Trinity also fields an esports team that competes in PlayVS, a scholastic esports league.
“Trinity Area is thrilled to be one of the first school districts in the region to build an esports program,” said Superintendent Dr. Michael Lucas. “I am incredibly grateful for our staff members’ assistance in helping us to prepare to launch the program this school year. Our esports coaches, teachers, and administrators work diligently to design and facilitate courses with real-world applications – the kind of courses students want to take.”
During each semester of the 2021-22 school year, Trinity Area is piloting Introduction to Esports courses to familiarize students with industry game developers’ roles, responsibilities and influences.

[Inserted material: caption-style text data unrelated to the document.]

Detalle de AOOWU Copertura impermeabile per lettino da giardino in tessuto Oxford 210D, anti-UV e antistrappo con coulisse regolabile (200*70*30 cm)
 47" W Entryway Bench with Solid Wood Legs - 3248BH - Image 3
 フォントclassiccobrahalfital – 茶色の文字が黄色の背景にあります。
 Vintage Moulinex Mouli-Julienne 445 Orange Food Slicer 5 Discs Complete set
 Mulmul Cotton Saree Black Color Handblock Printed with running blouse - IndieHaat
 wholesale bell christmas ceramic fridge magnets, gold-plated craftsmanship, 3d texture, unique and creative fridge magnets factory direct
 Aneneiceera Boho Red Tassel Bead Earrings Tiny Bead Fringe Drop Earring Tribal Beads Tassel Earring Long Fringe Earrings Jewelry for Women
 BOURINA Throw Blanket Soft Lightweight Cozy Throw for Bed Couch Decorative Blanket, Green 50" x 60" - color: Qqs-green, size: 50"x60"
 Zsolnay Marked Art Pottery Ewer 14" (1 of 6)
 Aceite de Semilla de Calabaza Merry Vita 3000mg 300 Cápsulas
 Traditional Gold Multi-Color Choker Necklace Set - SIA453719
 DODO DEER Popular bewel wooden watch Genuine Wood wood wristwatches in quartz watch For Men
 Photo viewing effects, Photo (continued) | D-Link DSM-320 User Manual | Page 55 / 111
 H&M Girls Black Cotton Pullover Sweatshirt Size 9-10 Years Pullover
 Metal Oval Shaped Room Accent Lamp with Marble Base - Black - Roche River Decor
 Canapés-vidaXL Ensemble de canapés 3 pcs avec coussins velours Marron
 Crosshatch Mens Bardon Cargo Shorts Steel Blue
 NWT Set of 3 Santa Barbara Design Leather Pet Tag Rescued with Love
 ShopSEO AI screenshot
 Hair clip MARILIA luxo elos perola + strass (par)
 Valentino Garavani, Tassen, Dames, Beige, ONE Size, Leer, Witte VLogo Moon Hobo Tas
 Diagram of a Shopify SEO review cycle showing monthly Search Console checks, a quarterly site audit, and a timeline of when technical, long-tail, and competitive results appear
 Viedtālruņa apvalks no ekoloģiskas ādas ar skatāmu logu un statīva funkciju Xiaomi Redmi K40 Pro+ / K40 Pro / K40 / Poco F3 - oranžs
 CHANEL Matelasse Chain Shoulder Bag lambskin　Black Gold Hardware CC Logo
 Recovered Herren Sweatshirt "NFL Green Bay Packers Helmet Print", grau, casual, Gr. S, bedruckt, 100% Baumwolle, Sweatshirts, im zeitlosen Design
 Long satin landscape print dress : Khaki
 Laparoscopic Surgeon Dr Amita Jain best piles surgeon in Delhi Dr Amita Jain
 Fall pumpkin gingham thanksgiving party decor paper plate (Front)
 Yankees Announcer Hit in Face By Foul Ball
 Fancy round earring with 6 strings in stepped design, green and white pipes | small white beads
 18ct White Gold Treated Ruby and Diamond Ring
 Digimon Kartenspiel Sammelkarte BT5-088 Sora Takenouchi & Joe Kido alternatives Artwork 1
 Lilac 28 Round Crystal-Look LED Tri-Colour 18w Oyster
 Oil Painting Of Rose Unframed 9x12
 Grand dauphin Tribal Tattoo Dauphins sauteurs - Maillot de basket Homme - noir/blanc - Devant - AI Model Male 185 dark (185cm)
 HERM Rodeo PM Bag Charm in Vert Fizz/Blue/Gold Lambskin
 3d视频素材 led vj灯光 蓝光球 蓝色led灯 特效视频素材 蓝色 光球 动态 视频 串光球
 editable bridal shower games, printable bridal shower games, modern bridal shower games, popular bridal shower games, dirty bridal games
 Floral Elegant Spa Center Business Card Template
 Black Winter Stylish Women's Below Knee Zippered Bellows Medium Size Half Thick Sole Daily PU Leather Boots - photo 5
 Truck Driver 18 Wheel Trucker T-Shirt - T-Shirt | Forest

More than 90% of teens are active video gamers, and the popularity of video games has launched an entire industry of gamers, spectators and competition. In 2019, an estimated 453.8 million viewers watched esports matches around the country, hauling in a record $1.1 billion in revenue from sponsorships and advertising.
Trinity and other high schools see the opportunity that esports offer for students interested in attending college. The National Association of Collegiate Esports reports more than 170 colleges and universities around the country now have varsity programs, and they’re pursuing the best high school gamers with more than $16 million in scholarships each year.
While some students will wind up as professional esports players, the games are also introducing students to a variety of professional opportunities they can explore once in college, including esports marketing careers, business management, game development, team coaching and more.
Trinity High School has installed a state-of-the-art, futuristic classroom equipped with the latest computers, gaming software, lighting, cameras, video game cards, and broadcasting software to provide students with an authentic, hands-on learning and playing experience.
About 30 student-athletes participate on Trinity’s esports team, where the compete against other teams in Pennsylvania and other states in Super Smash Brothers Ultimate, League of Legends, and Rocket League.
And that offers several benefits for students involved in esports – which is open to both boys and girls – for students to find their “thing.”
Trinity High School senior Sean Fagan-Dyer leaped at the chance to join the Hillers e-gamers team.
“I joined because I like video games. It looked fun for me,” said Fagan-Dyer. “I’ve been interested in competing in something like this, so I joined. I also made a couple of new friends, and honestly, I’m hoping to get better at the games and hopefully bring home a couple of wins for Trinity.”
Daniel Scarmazzi, coach of the Hillers esports team, said the digital transformation of sports provides a chance for students who might not get involved in other sports teams to compete on a team.
And esports, like other sports and extracurricular activities, offer other benefits to Trinity students.
Students who participate in extracurriculars often experience higher attendance, improved math and reading scores, increased focus and higher self-esteem.
“It’s great to finally harness video games for a positive use, instead of making it something that we always assume is negative,” said Scarmazzi. “I really like the positive aspects of it, the careers that are available, that sort of thing. It’s really giving kids a place and an opportunity to be involved and succeed. That’s my favorite part.”
But, Scarmazzi notes, don’t overlook the fact that esports are competitive and intense.
“Competitively, you’re looking to constantly improve the way you would when you’re playing a sport,” said Scarmazzi. “I would compare it to a sport. If you shoot a basketball leisurely, you’re not really getting better at it, but you’re enjoying it, right? But when you’re playing for a team, you’re working on drills and you’re working to achieve something together. That’s kind of the way esports works, in the sense of video games.”
Sophomore Luke Webb shared Scarmazzi’s sentiments.
“It’s really nice to have a bunch of other like-minded people who play the same video games to spend time with. It’s a nice community,” he said.